Israel was never a country blessed with natural sources of water. The Sea of Galilee was geographically too distant to serve as a water supply for central and southern Israel and the few rivers running in parts of Israel were no more than mere streams. In fact, a number of Biblical texts show the primary source of water to be the collection basins or cisterns that filled up during the rainy season.
For example, a sign of prosperity was the pleasure to drink water out of the family cistern. Thus King Sennacherib of Assyria tried to lure the Israelites into making peace with him saying: “Make your peace with me…and come out to me, so that you may all eat from your vines and your fig trees, and drink water from your cisterns” (II Kings 18:31; cf. Isaiah 36:16). Cisterns were so prevalent that Bible mentions that In the dry season, two men could easily be hidden inside one (II Samuel 17:18-19). The prophet Jeremiah condemns the disloyal Jews of his day as those who “have forsaken me the fountain of living waters, and hewed them out cisterns, broken cisterns, that can hold no water” (Jeremiah 2:13).
Despite the dearth of natural water sources in the land of Israel, Moses describes the land of Israel that the people were about to enter as a land filled with streams and rivers, springs, and fountains (Deuteronomy 8:7). From what is known about Israel’s geography this is hyperbole bordering on misrepresentation. But before condemning scripture as false and misleading, an alternative explanation should be considered. To a people that had to scrounge for every drop of water they needed over forty years, a land with even a modest amount of water resources would seem like a veritable garden spot. In a similar way, to a person denied a variegated diet for a period of time even a solitary piece of fruit would be considered a feast. The Torah is not really exaggerating the bounty of the land of Israel. The Torah is teaching the effect of perspective.

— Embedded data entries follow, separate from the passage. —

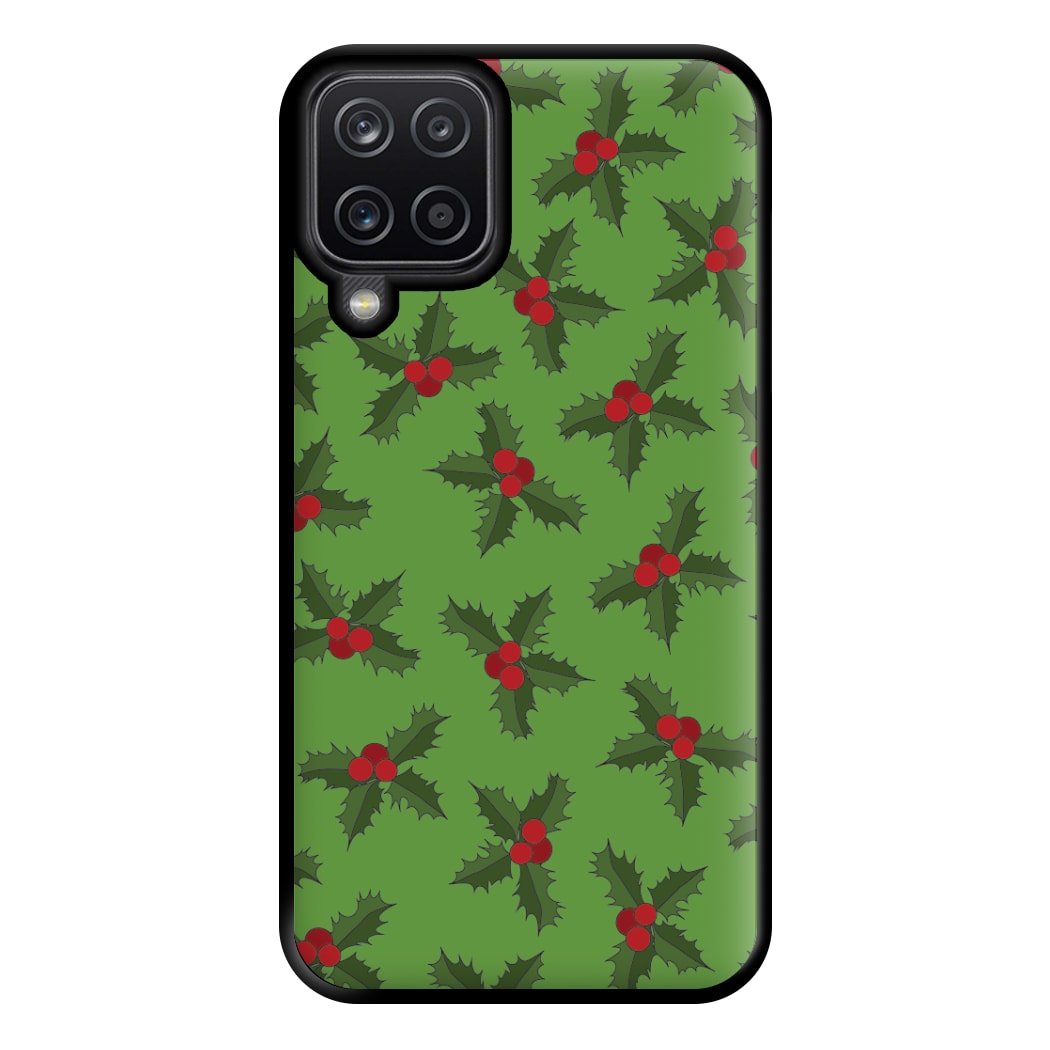 Holly Pattern Phone Case for Galaxy A12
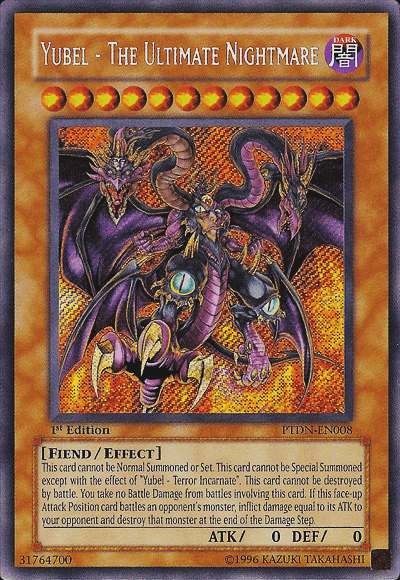 Yubel - The Ultimate Nightmare [PTDN-EN008] Secret Rare (ONLINE ORDER ONLY)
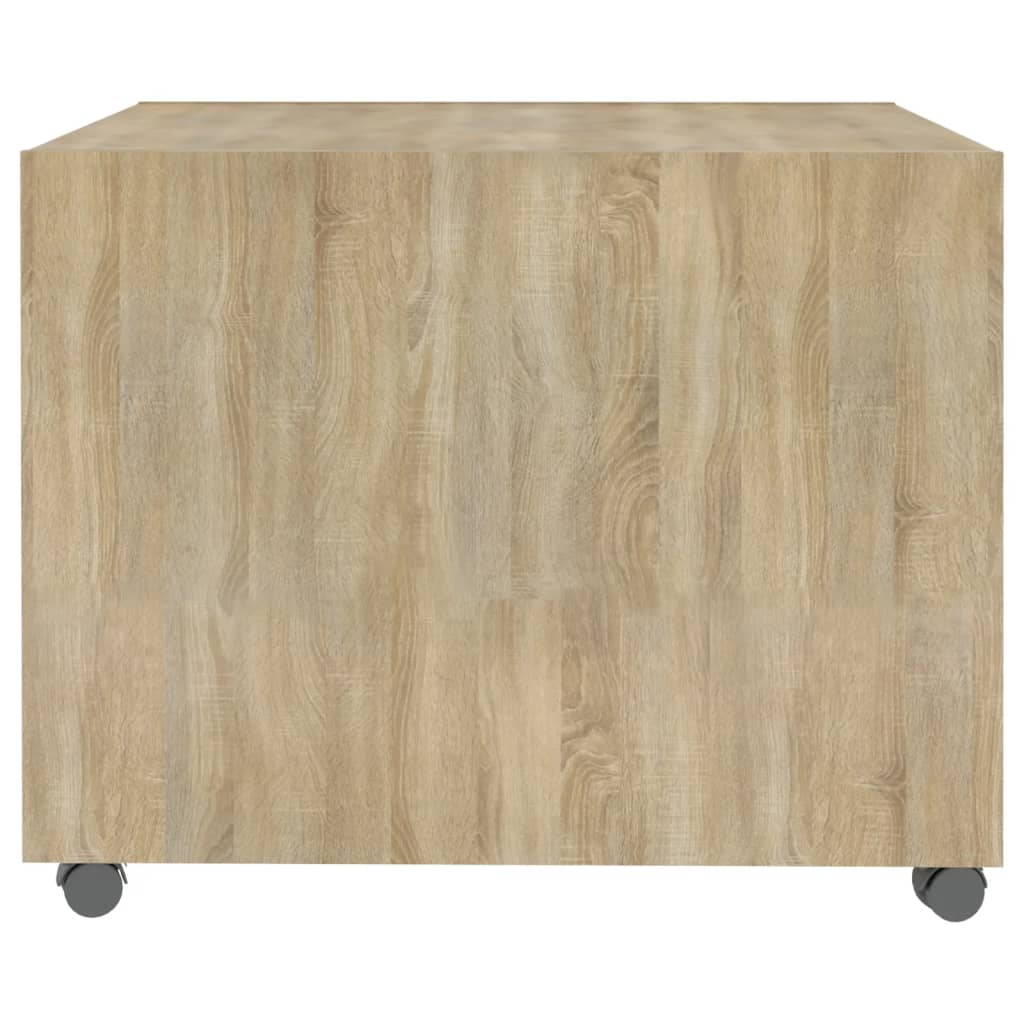 Tavolino da Salotto Rovere Sonoma 55x55x40 cm Legno Multistrato | homemem39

Depredation gains you perspective. Freedom was all the sweeter for the Israelites following two hundred ten years of slavery and toil. Small houses will seem palatial to those who suffered homelessness. Walking with crutches is a blessing to a person previously confined to a wheelchair. The lesson to learn is not to measure value by what is the highest degree possible but by how much better it has compared to what you had.